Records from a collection
§

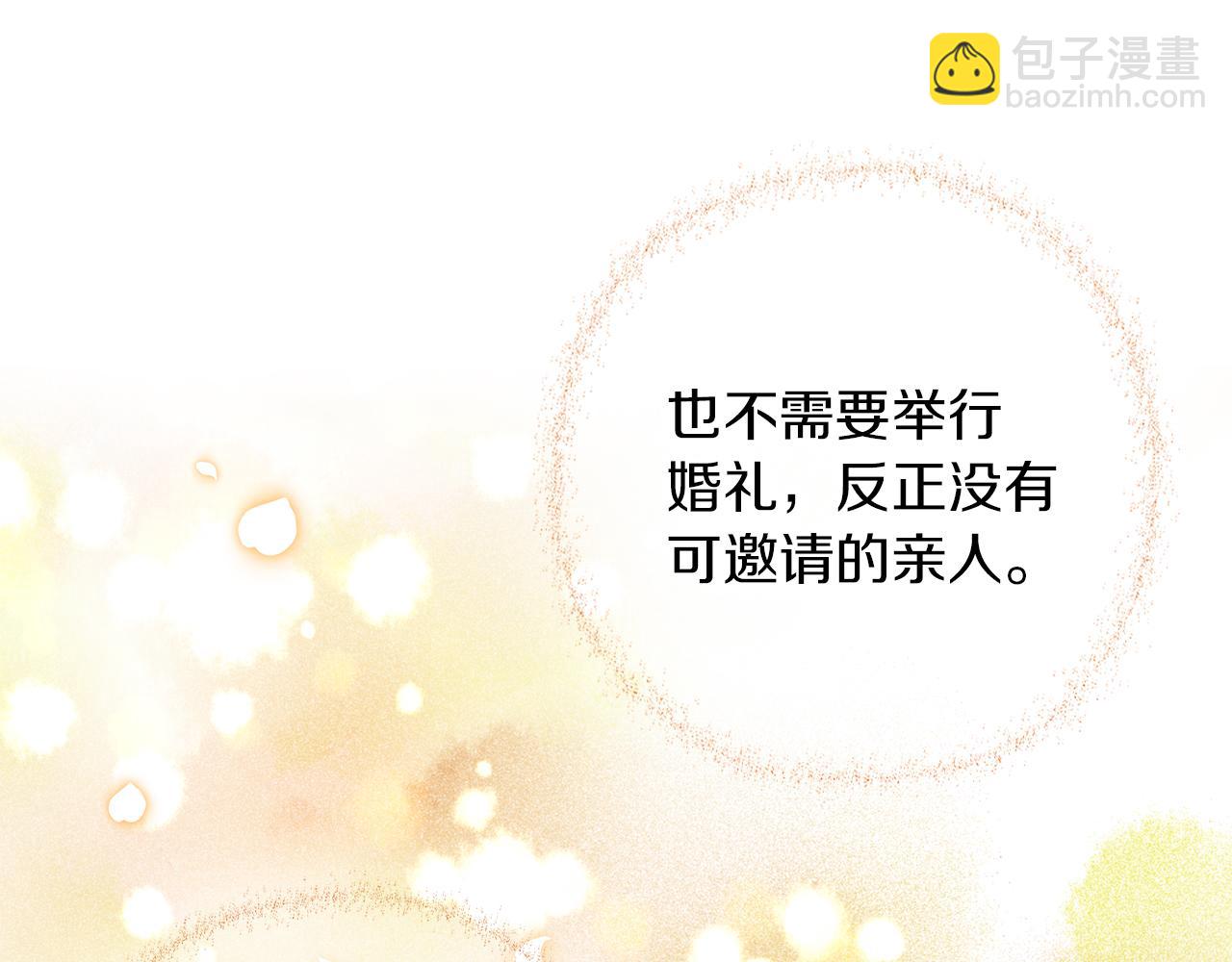 Winter Wolf - 第34話 貴族的惡趣味(2/5) - 1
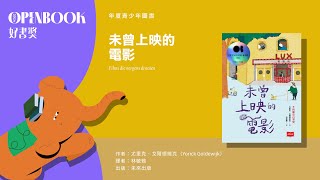 【2024Openbook好書獎．年度青少年圖書】《未曾上映的電影》作者 尤里克．戈爾德維克（Yorick Goldewijk）得獎感言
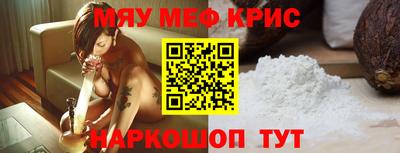 индика Бердск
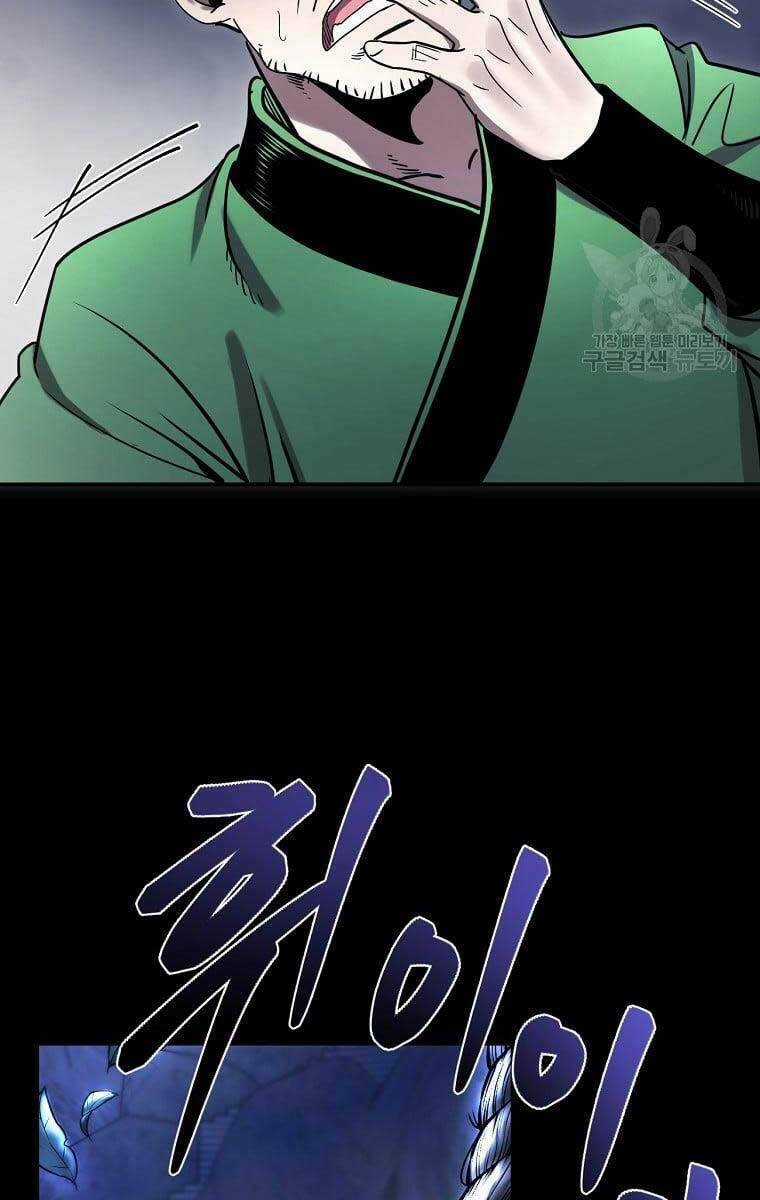 Ma Nhân Hoa Sơn - Chapter 37 - Trang 25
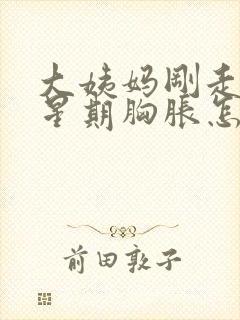 大姨妈刚走一个星期胸胀怎么回事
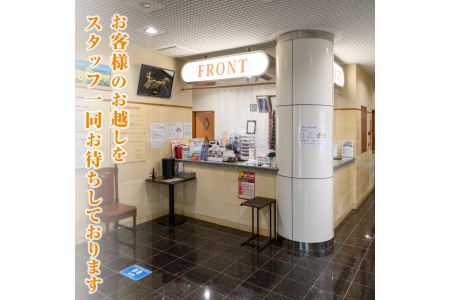 阿久根観光宿泊プラン ビジネスホテル ロックスイン宿泊券(1泊分・朝食付) 鹿児島県 阿久根市 ホテル 観光 シングル 洋室 サウナ 大浴場 【株式会社ロックス】akn035-02
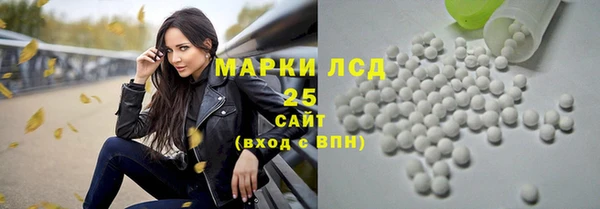 2c-b Медногорск
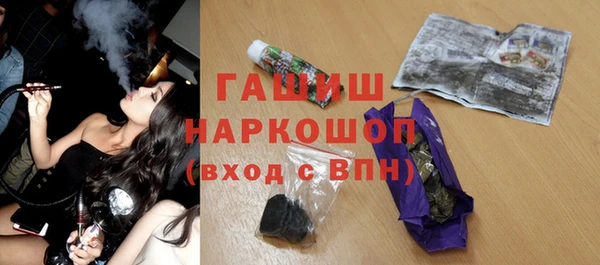 мет Нефтекумск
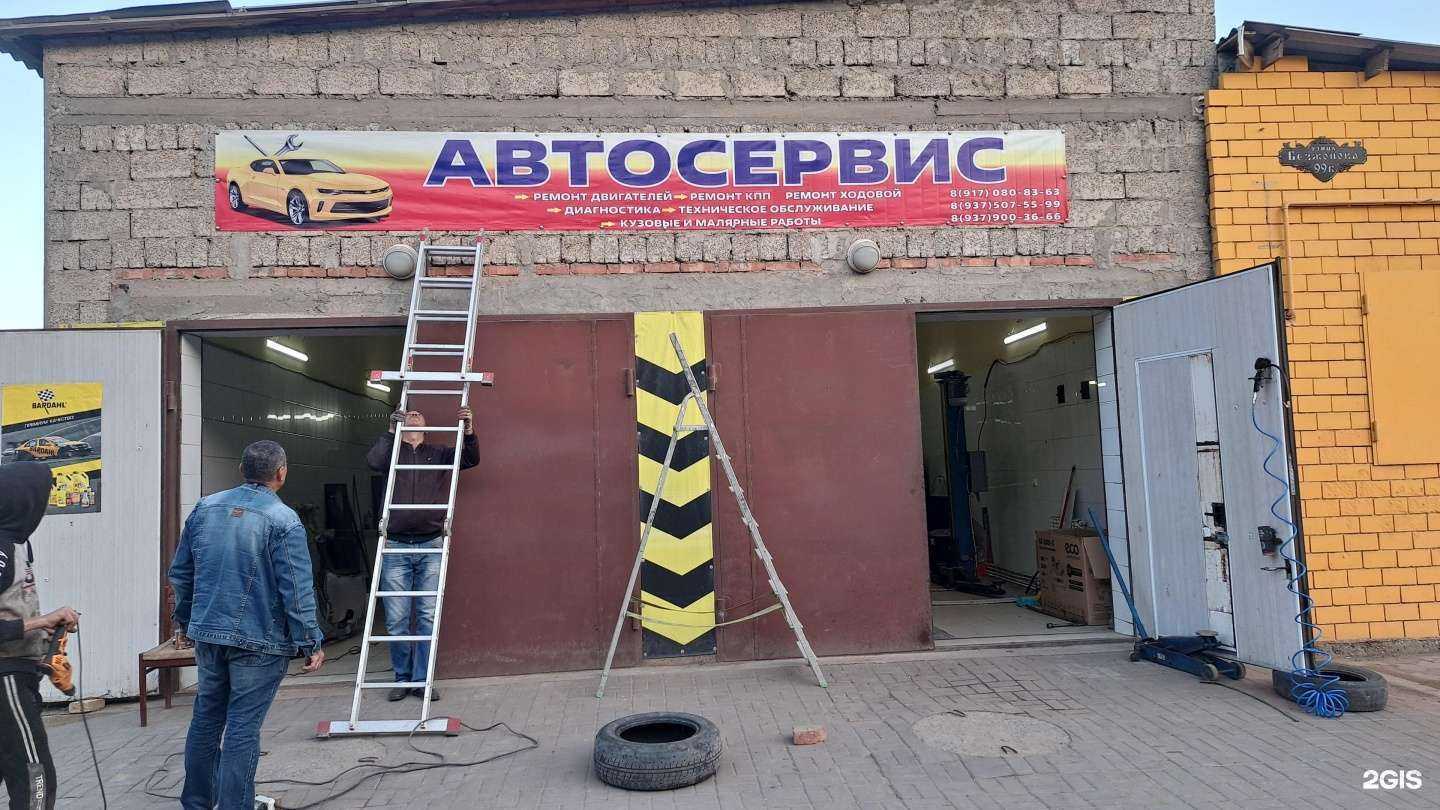 Отзывы на компанию Profit в г. Астрахань c фото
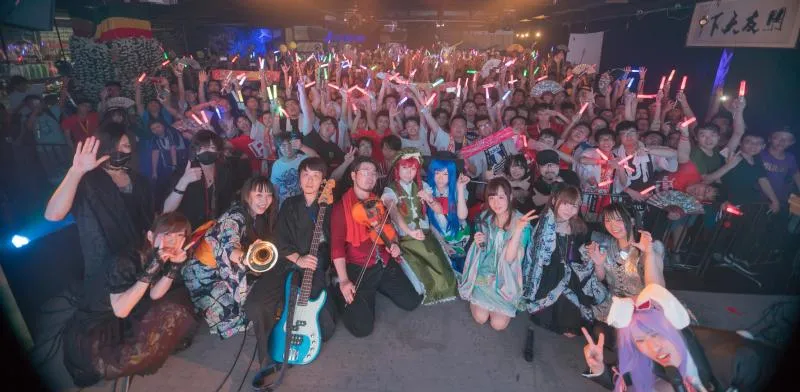 东方乐祭Global 2016 in China 上海站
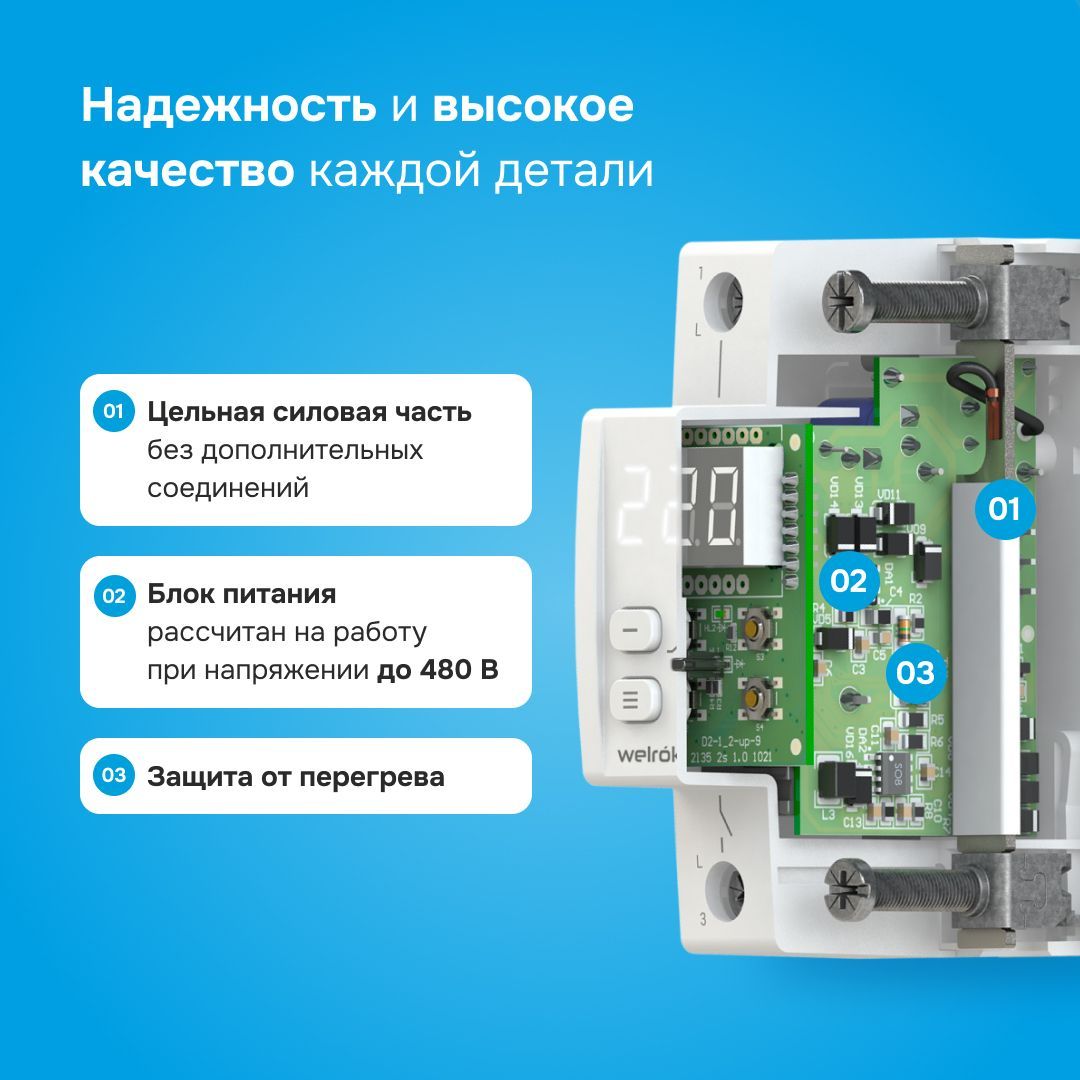 Реле напряжения welrok схема подключения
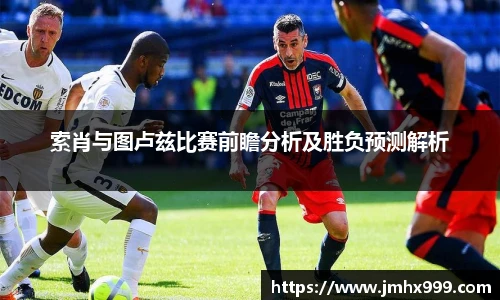 皇冠体育官方app下载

§

■ **Goal of the exercise**
Lines from the one containing "2c-b Медногорск" through the end of the entries above, both included, are to be written out exactly; no pictures and no other lines.

■ **Reply**
 2c-b Медногорск
 мет Нефтекумск
 Отзывы на компанию Profit в г. Астрахань c фото
 东方乐祭Global 2016 in China 上海站
 Реле напряжения welrok схема подключения
 皇冠体育官方app下载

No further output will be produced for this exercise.